L’affaire d’espionnage industriel de Renault, qui a conduit à la suspension de trois cadres du constructeur automobile français, a pris mardi 11 janvier un tour diplomatique. Alors que la piste d’une fuite vers la Chine de secrets touchant à la voiture électrique est privilégiée par le contre-espionnage français, selon la presse et les spécialistes de l’intelligence économique, la Chine a dénoncé des accusations "inacceptables" contre elle.

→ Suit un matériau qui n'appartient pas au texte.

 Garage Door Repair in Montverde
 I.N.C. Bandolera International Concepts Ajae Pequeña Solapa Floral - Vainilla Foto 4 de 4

Cette piste n’a été confirmée ni par Renault ni par l’Etat français, son actionnaire à 15 %, qui a immédiatement assuré, par la voix de François Baroin, porte-parole du gouvernement, qu’"il n’y a pas d’accusation officielle de la France et du gouvernement français à l’égard d’aucun pays aujourd’hui".
Ali Laïdi, expert des questions d’intelligence économique au sein de l’Institut de relations internationales et stratégiques (IRIS), décrypte les possibles implications diplomatiques de cette affaire.
Dans l’affaire de l’espionnage industriel par trois employés de Renault, la piste chinoise vous semble-t-elle crédible ?
Au regard de tous les éléments dont nous disposons aujourd’hui, on sait que la piste chinoise est crédible car d’une part, le gouvernement a demandé aux services de renseignements généraux de travailler sur cette piste-là. Par ailleurs, plusieurs précédents attestent de l’intérêt porté par la Chine à l’espionnage de technologie automobile, à l’instar du dernier cas retentissant de la stagiaire chinoise dans la société Valeo qui a été condamnée pour "abus de confiance" pour avoir récupéré dans son disque dur des milliers de données de l’équipementier automobile.
Enfin, de manière générale, il suffit de regarder quelles nations peuvent être intéressées à récupérer de la technologie automobile. Les seules nations qui cherchent à prendre des parts de marché à des secteurs matures de l’automobile que sont la France, l’Allemagne et les Etats-Unis et qui ont, à cette fin, besoin de passer un cap technologique pour compenser le retard qu’elles ont dans le secteur des moteurs traditionnels, sont l’Inde et la Chine. Or, elles ne peuvent compenser ce retard qu’en acquérant la technologie électrique.
Que vous inspire la réaction de la Chine qui s’offusque de la mise en cause de ses entreprises dans cette affaire d’espionnage industriel ? Cela traduit-il le rôle de l’Etat lui-même ?
Les Etats ont toujours été partie prenante dans les problématiques économiques. Ils ont toujours été des acteurs qui permettent de "booster", favoriser ou protéger un secteur, en allant notamment chercher des informations chez les autres Etats. Ce rôle a été remis en cause depuis une vingtaine d’années par le rejet du rôle de l’Etat par la théorie libérale. Mais ce rôle est toujours présent, et ce d’autant plus en Chine, où il n’existe pas de secteur privé de l’information.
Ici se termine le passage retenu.